There’s no doubt that children would benefit from more physical activity in all sorts of ways. It is good for mind and body. But it’s no cure for obesity. To burn off a Big Mac cheeseburger, fries and cola, an adult would need to walk for six hours, it has been calculated. All the evidence shows that exercise can help you maintain your weight – but not lose it.


Related: Childhood obesity strategy: not even an E for effort


And there is a question mark over whether children will actually end up running about more. Schools are to be asked to give them 30 minutes’ more physical activity each day. Parents and carers are to be requested to ensure children do a further 30 minutes every day. That will be a big ask for some families.


For a flagship government strategy, did it get the big push you would expect?

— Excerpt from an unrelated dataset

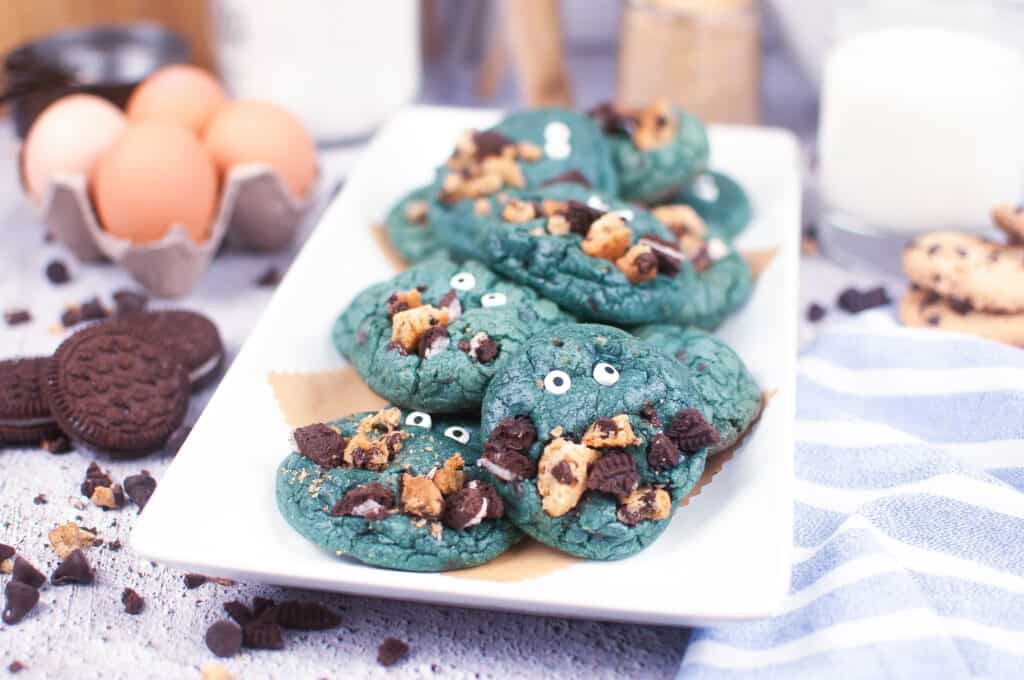 cookie monster cookies on white plate with blue napkin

Far from it. Instead of a prime-ministerial launch, it was slipped out in mid-August just before the A-level results by the department of health, while Theresa May was on holiday in the Swiss Alps. It would appear that obesity is not the priority it was for David Cameron.

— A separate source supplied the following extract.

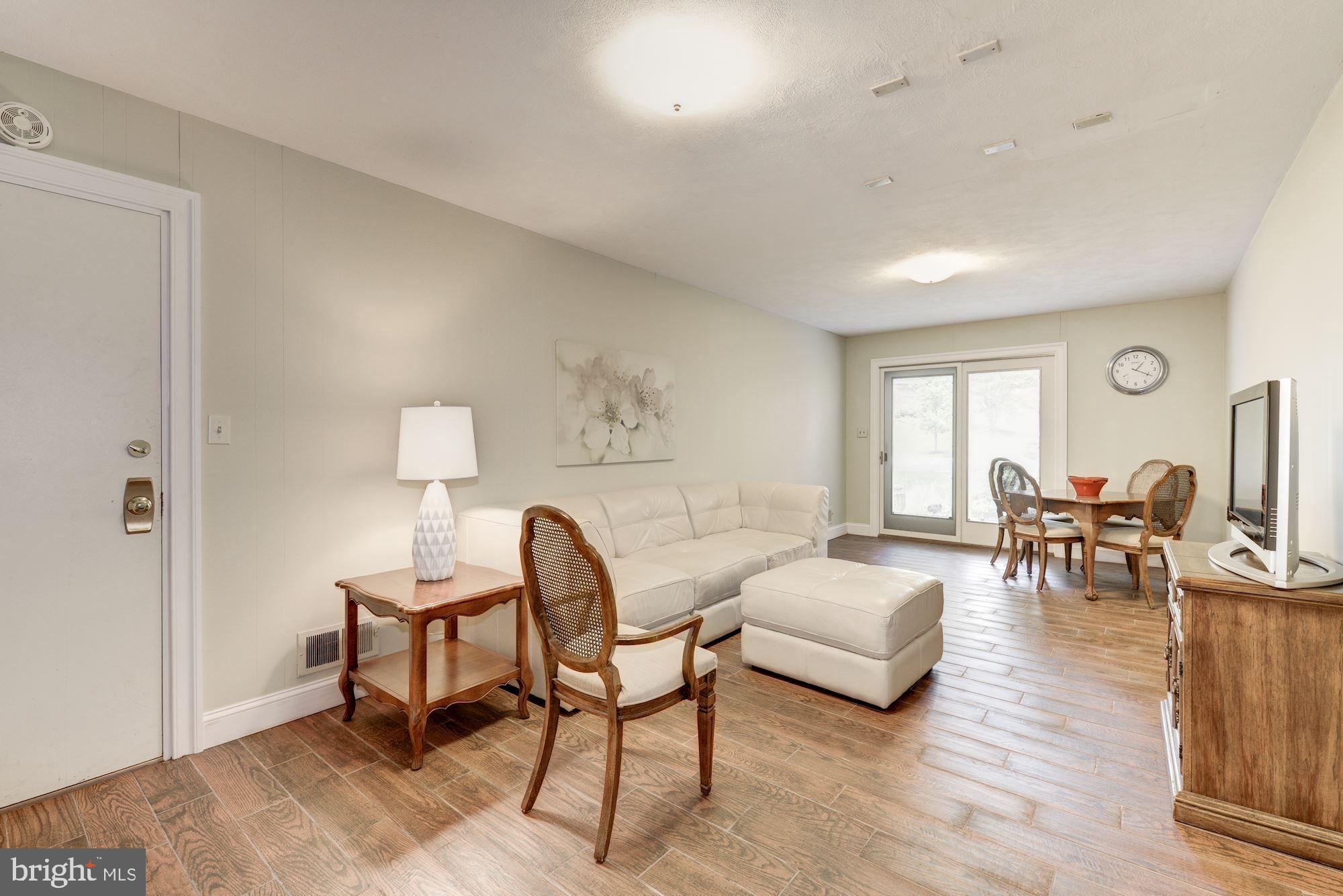 6129 Overlea Road Bethesda, MD 20816 - Photo 4 of 30 a living room with furniture and a wooden floor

Will the government"s new childhood obesity strategy work?

23 Haziran 2014 Pazartesi

The PIP chaos reveals the government"s contempt for disabled people | Sharon Brennan

Last yr, when I was waiting for a double lung transplant, my existence felt terrifyingly unpredictable. My lungs were failing, and it was challenging to cope emotionally, but a single factor that created factors slightly less difficult was the fast approach to secure disability residing allowance (DLA). This allowed me to make immediate decisions about getting carers to assist at home, getting the heating on far more, and taking taxis to appointments. It made a extremely hard time that tiny bit a lot more bearable.


Evaluate my encounter to that of Malcolm Graham, a 56-12 months-old from Romford. He was diagnosed with oesophageal cancer in September 2013 and applied for private independence payments (PIPs) on advice from Macmillan Cancer help and his nearby Citizens Suggestions. Pips are changing DLA and are supposed to assist individuals, regardless of whether in or out of work, to meet the added fees their disability triggers.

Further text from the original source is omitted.